3er DOMINGO DEL TIEMPO ORDINARIO

"Señor, tú tienes palabras de vida eterna"  (Jn 6,68ss)



El anuncio del Mesías va dirigido antes que nada a los afligidos. En primer lugar, dispone a los humildes por estar humillados; después, a los abatidos, a los que tienen roto el corazón por las penas; a continuación, se dirige a las cárceles para gritar a los prisioneros la libertad, para abrir los cepos de los atados. El Mesías no distingue entre culpables e inocentes, sino que proclama en su tiempo una amnistía general, que afecta, naturalmente, a los siervos, a los esclavos vendidos.

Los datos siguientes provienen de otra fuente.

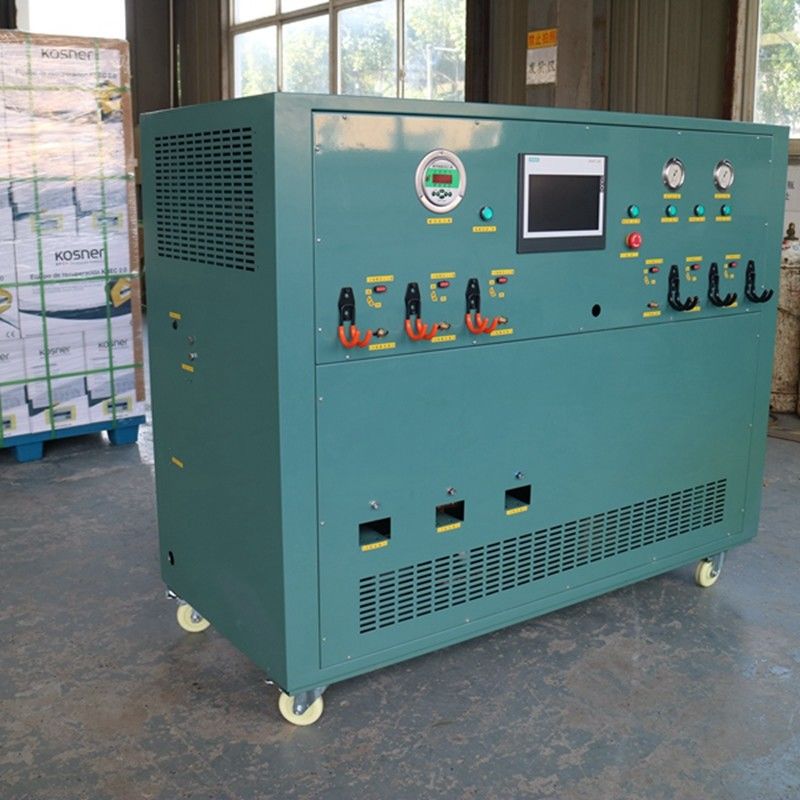 R134a refrigerant filling equipment split sub-package charging machine 3-stage refrigerant filling recharge machine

A Jesús le correspondió leer un sábado estos versículos de Isaías en la sinagoga. Fue en Nazaret, como nos cuenta el evangelio de Lucas. Leyó ante su gente estos versículos plenos de poder y anunciadores de la llegada de grandes cambios. Cuando acabó la lectura declaró que aquellas palabras de Isaías se habían vuelto urgentes, actuales, a través de él, Jesús. Él era el ungido de Dios, el Mesías venido a cumplir en el presente las profecías pendientes. Los presentes se quedaron estupefactos y, después, reaccionaron con hostilidad, expulsándole. Para ellos, era una blasfemia que un hombre se pudiera declarar mesías. Ahora bien, por encima de esto, estaban espantados por el anuncio de que los versículos de Isaías pudieran cumplirse verdaderamente en su tiempo. Aunque una persona de fe pueda pedir a Dios que venga su Reino y se haga su voluntad, no por ello estará dispuesta a acoger el primero y la segunda. Aquí está el Mesías que consuela a los humildes y a los abatidos y libera a los prisioneros y a los siervos de sus cepos.

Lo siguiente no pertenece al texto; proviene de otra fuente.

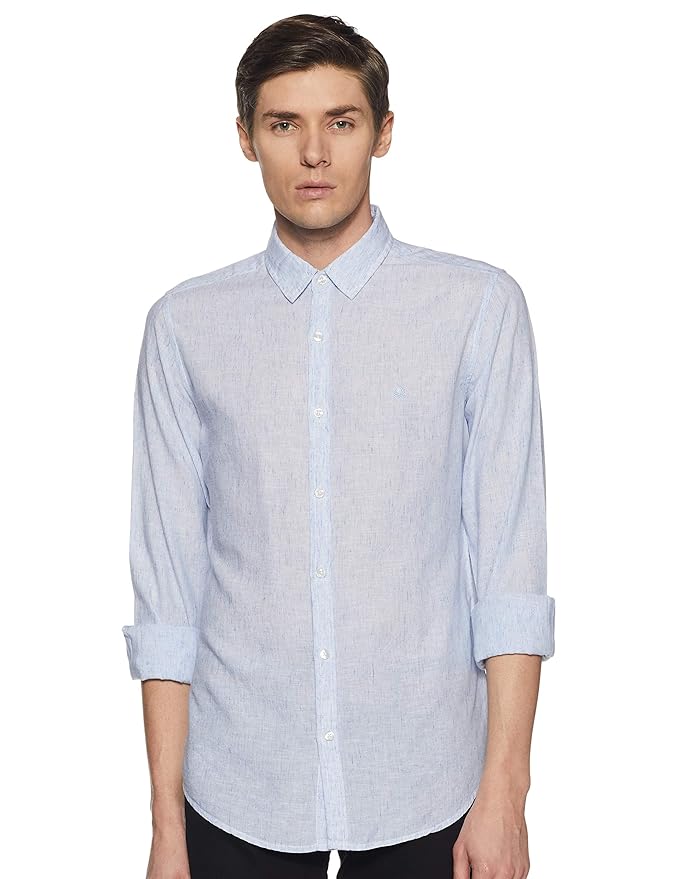 United Colors of Benetton Men's Plain Slim fit Casual Shirt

Estos versículos de Isaías, como muchos otros, ponen a prueba a las personas de fe: ¿están dispuestas a resistir la venida, el cumplimiento de los tiempos anunciados? Al final, pocos están dispuestos a creer que los versículos de Isaías son actuales. Pocos se comportarían de una manera diferente a los habitantes de Nazaret. Sin embargo, cada generación pasa rozando al Mesías, y corresponde sólo a los creyentes allanar su llegada.
                         (E. de Luca, Ora prima, Magnano 1997, pp. 75-77, passim).